# Worx hydroshot battery replacement



## Sicskate

I received a worx hydroshot for Christmas, I actually quite like it for smaller job. 

But the battery isn't that great?!? 

I've looked online and can see worx branded batteries, but I've also spotted unbranded ones which apparently have a longer run time. 

I've also seen a Screwfix ERBAUER which will apparently fit?? 

Has anyone tried the non worx branded ones? 

Be interested to see if the Screwfix one will work as it's only £23. 

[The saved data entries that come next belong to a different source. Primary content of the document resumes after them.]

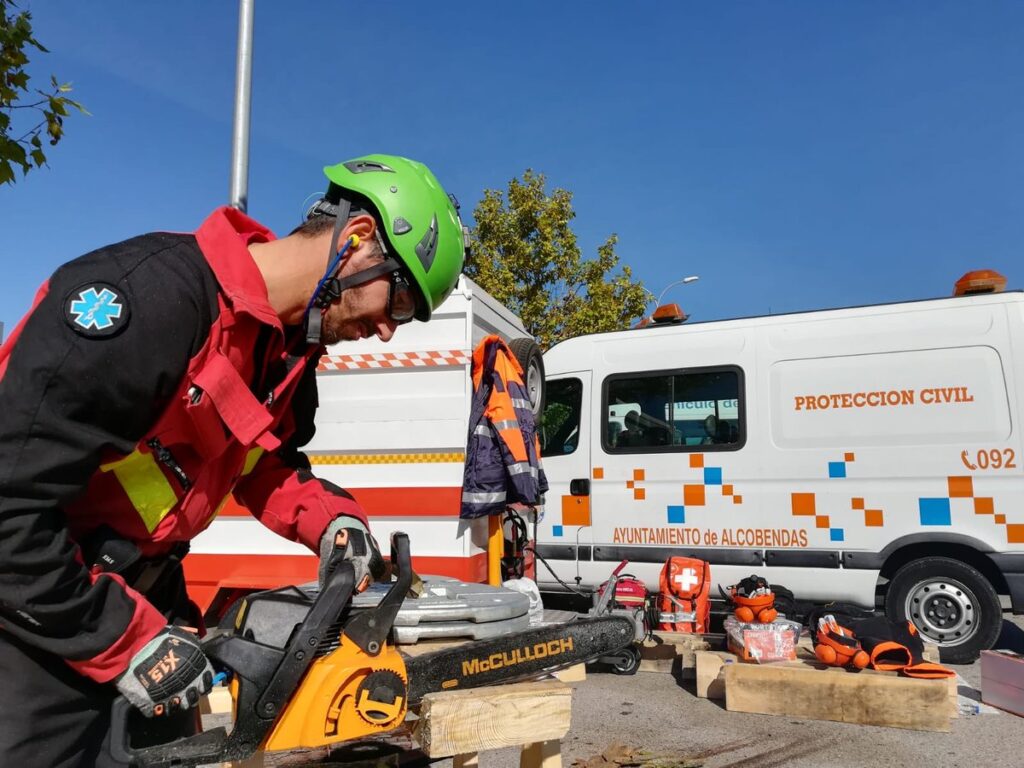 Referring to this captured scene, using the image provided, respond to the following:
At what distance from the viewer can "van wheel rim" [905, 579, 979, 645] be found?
583cm

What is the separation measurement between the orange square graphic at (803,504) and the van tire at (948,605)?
830 millimetres

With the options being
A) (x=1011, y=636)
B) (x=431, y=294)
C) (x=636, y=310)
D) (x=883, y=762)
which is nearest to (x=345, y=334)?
(x=431, y=294)

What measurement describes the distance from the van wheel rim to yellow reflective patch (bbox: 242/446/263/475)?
5692 millimetres

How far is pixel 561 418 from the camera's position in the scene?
23.7ft

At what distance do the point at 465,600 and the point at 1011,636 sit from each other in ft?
21.6

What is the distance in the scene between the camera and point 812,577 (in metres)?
6.15

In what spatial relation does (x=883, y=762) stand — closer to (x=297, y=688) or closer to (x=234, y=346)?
(x=297, y=688)

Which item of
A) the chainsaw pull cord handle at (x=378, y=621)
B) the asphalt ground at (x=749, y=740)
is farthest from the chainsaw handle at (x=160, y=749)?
the asphalt ground at (x=749, y=740)

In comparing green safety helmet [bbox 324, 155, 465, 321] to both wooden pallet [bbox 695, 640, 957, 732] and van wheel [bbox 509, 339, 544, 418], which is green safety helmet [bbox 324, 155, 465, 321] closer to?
wooden pallet [bbox 695, 640, 957, 732]

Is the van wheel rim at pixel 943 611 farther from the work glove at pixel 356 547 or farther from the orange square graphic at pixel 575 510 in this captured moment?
the work glove at pixel 356 547

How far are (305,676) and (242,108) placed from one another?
216 inches

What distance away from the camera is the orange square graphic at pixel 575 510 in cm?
693

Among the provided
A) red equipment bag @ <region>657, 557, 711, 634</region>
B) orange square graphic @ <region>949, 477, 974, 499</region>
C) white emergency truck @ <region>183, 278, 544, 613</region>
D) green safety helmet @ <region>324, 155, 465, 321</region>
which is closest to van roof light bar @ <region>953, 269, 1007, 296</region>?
orange square graphic @ <region>949, 477, 974, 499</region>

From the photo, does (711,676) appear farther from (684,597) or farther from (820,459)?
(820,459) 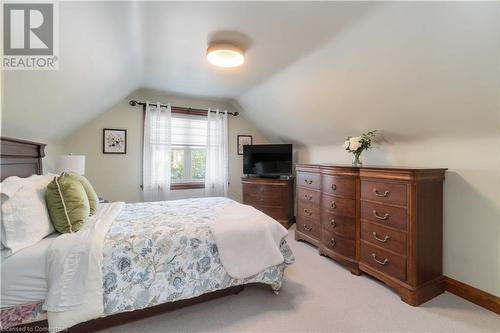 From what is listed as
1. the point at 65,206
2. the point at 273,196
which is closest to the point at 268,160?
the point at 273,196

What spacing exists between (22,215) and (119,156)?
2534 millimetres

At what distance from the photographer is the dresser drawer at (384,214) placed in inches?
81.0

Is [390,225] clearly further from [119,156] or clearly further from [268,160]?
[119,156]

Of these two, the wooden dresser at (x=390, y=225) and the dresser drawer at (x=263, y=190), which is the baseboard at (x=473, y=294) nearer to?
the wooden dresser at (x=390, y=225)

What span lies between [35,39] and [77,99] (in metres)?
1.12

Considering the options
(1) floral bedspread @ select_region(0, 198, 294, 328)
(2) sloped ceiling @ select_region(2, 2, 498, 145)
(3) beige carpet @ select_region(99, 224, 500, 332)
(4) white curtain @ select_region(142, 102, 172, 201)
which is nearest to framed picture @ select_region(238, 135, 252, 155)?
(4) white curtain @ select_region(142, 102, 172, 201)

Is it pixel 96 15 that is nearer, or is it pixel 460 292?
pixel 96 15

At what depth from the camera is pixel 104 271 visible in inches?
57.6

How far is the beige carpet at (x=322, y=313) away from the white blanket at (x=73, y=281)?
0.39 metres

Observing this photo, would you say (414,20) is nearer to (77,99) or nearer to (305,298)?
(305,298)

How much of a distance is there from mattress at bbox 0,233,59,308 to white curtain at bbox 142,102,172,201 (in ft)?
8.17

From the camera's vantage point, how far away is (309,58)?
2504 millimetres

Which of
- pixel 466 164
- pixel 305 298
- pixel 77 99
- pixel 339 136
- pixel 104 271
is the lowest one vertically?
pixel 305 298

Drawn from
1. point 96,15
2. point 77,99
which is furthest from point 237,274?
point 77,99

Sent from my FRD-L09 using Tapatalk


----------



## keithjmason

Yup. The screwfix EBauer ones work great, I have a few for mine. 

They just don’t have the built in power indicator lights


----------



## Sicskate

keithjmason said:


> Yup. The screwfix EBauer ones work great, I have a few for mine.
> 
> They just don't have the built in power indicator lights


That's really great to know 

Thanks, I'll pop there and get a few

Sent from my FRD-L09 using Tapatalk


----------



## jcrease

Is it safe to charge the EBauer battery in the Worx charger?


----------



## HEADPHONES

The Worx batteries seem expensive at £40 each.
If you need a new cordless hammer drill it seems better to buy this for £75
https://www.amazon.co.uk/WORX-WX366...less+drill&dpPl=1&dpID=51BZOrMMZuL&ref=plSrch
As you get 2 batteries AND the drill for less than the price of 2 batteries!


----------



## dchapman88

I've got a Worx 4AH battery and it does my juke twice easily before it needs charging. 

It might be expensive to buy a proper one, but I've had zero hassle with it and it charges over night after I've used it. Then ready for the next 2 washes.


----------